Plus, bass players in rock bands always seem to be standing stage left, off of the ride cymbal of right-handed drummers. If sticks are gonna sail, intentional or not, it’s gonna be at us. Gotta be diplomatic with that guy.
Yeah, basically that. It is supposed to be fun and casual. I sure don’t want to come off as the critical jerk. Another problem is that in an acoustic jam it can be hard for everyone to hear everyone else.
But when I identify such a ridiculously circumscribed role, I take it more to heart than I ought when things aren’t rock-solid beginning to end. And I’m probably hypercritical about it too. Guarantee the audience doesn’t hear it.
I’ve been playing regularly with a mando/banjo player. In the new year we might try to pick up a fiddle and a guitar, and see how tight we can play. But everyone is so busy…
Believe me - I have no problem getting peoples’ attention. When we are all acoustic, NO ONE can project like the bass. And if they STILL won’t listen, I can always start slapping! :eek:
Isn’t that almost the worst part, and the saving grace to playing live? If it’s not recorded, and if everyone hit the changes right, as long as the beat wasn’t broken, everything else seems forgiven.
In my case, my new band played its first show last weekend. I know that the singer played the wrong intro to song #4 on the set list, and we all flubbed the breakdown on song #6. Even though my own wife wouldn’t have noticed the mistakes in the show: you feel all nervous and shaky while setting up, and playing the set goes by like a lightning bolt. When you’re done, you’re picking apart the show, wondering what vacations might be noticed, while folks you don’t know are coming by and complimenting you on the show. It’s all kind of surreal.
Yeah, a lot of tunes are in G, but probably no more than 1/3 of them. Fiddles tend to like playing in A and D. They generally hate C, but a lot of folk like to sing in C. Friggin guitarists just capo to wherever they want. And the damned banjo is out of tune no matter what key you are trying to play in! I’d probably say 2/5 G, and 1/5 each D, A, C.
Basically, we play in whatever key the person calling the tune wants to sing it or play it in. If you are playing a fiddle tune, you want it to be in a key the fiddle wants to play it in. There are a relatively few in E, even fewer in B flat. Not too many in F. One mando worked out the uptempo Ricky Skaggs intro to Walls of Time in B, so that’s where we play it.

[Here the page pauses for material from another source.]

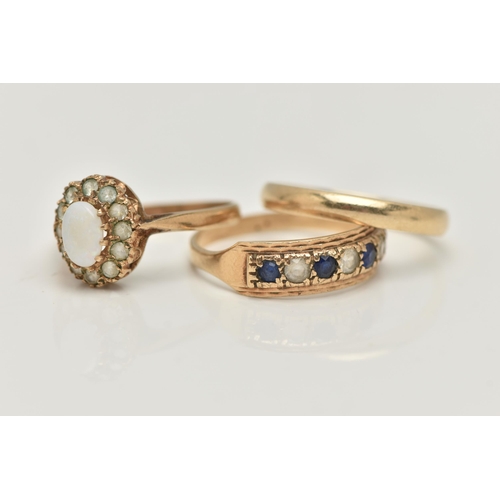 75 - THREE 9CT GOLD GEM SET RINGS, to include an opal and colourless gem cluster ring, a seven stone sapp...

I think that’s the only one we do in B.
Me, I’ve got a vocal range of about 1/2 an octave. So when I call a song I want to sing, I call whatever key will be least likely to make peoples’ ears bleed.
You talk about the beat not being broken scabpicker - I’ve often heard it said in BG bass that WHAT you play is WAY less important that WHEN you play it…
But I got an acoustic bass (one of these) as an early Christmas present, and in these few weeks it has brought me great joy.
My wife is a skilled pianist and has always provided the music for the church services, but I have never been able to accompany her, as the combination of guitar + piano is not as easy to execute without stepping on each other.
Now, for the first time in 25 years, my wife and I can play together for the entire service. I had several people approach me after the service each week and tell me how happy they were to see us playing together.